Dear Nick - thanx - I will write them an e-mail. 

Greeting to all of you Rafal


----------



## adm

Cosag Marine was an offshore company from Aberdeen. They were active in the early 1980's but i am fairly sure they were finished by the middle of the decade
Their address was
Cosag Marine Services
Leading Lighthouse
Torry
Aberdeen.

They operated the 
Bembridge, 
Sperus (ex northren Light "Hesperus", built 1939)
Hydragale
Jesmar, later sold to Jesmar Shipping.

All survey vessels, operating in the North Sea, Medi and West Africa.
Owners were 
Mike Davenport and John Lee. After Cosag they went to run small coasters carrying coal.
I dont know what happened after that.


----------



## Rafal Zahorski

Dear Adm, great thanks. You gave me a lot of details. I will try to find that guys. If I will succeed - than I will let you know here. Once again many thanks my friend. You helped me a lot!!! Greeting Rafal


----------



## Rafal Zahorski

*We just created a special ddedicated page*

Hello, 

Our searching is slowly bringing something. We have already created a special page. It is on www.bembridge.pl - you should clock on Cosag Marine Services box. The direct link is here:

http://www.bembridge.pl/cms.php?pid=342

If anybody can help to extend our knowledge - we will be very grateful.

Have a nice weekend Rafal


----------



## Rafal Zahorski

Hello, we published one Deck Log Book from 1975. That time she was owned just by Cosag marine Services. It is most probably the last one what is existing. 
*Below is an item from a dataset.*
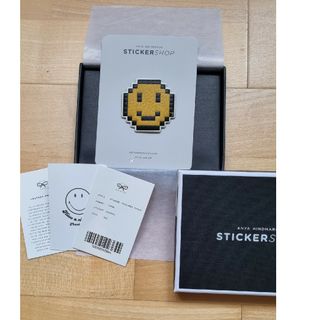 アニヤハインドマーチ(ANYA HINDMARCH)のアニヤハインドマーチ ステッカー Pixel Smiley(財布)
So please look at her Deck Log Book:

http://www.bembridge.pl/cms.php?lid=pl&gid=46230

She was involved in British Crude oil and gas searching on the North Sea. She was involved in building of the first British Oil Platform and first under water pipe line too. 

Next we will publish her Chief Mate Log Book - from 1975 too. There is a full crew list over there. One day we will find more crew members from Cosag Marine Services time so 1972 - 1976.

Many thanks anybody for any help in that matter.

Best greeting Rafal


----------



## Rafal Zahorski

*1975 - Chief Officer's Log Book*

Hello,

Let me tell you that we have just published a next log book - now made by Chief Mate in 1975.

http://www.bembridge.pl/cms.php?lid=pl&gid=46437

On fourth page there is a full list of her crew during Cosag Marine Services time.

Best greeting Rafal


----------



## Rafal Zahorski

*Our Cosag page is now updated*

Hello!

I have just finished a last update. There are many changes and many new facts. Maybe someone will help us to develop it more. 

The story begin as follow:

The Company Cosag Marine Services Ltd. (from Coastal Aggregates) was founded by Mike Davenport, John Norton Lea and Mike Woodall in 1970. They were all Second Mates with Athel Line in UK before deciding to buy a small trawler for Safety Standby work in North Sea.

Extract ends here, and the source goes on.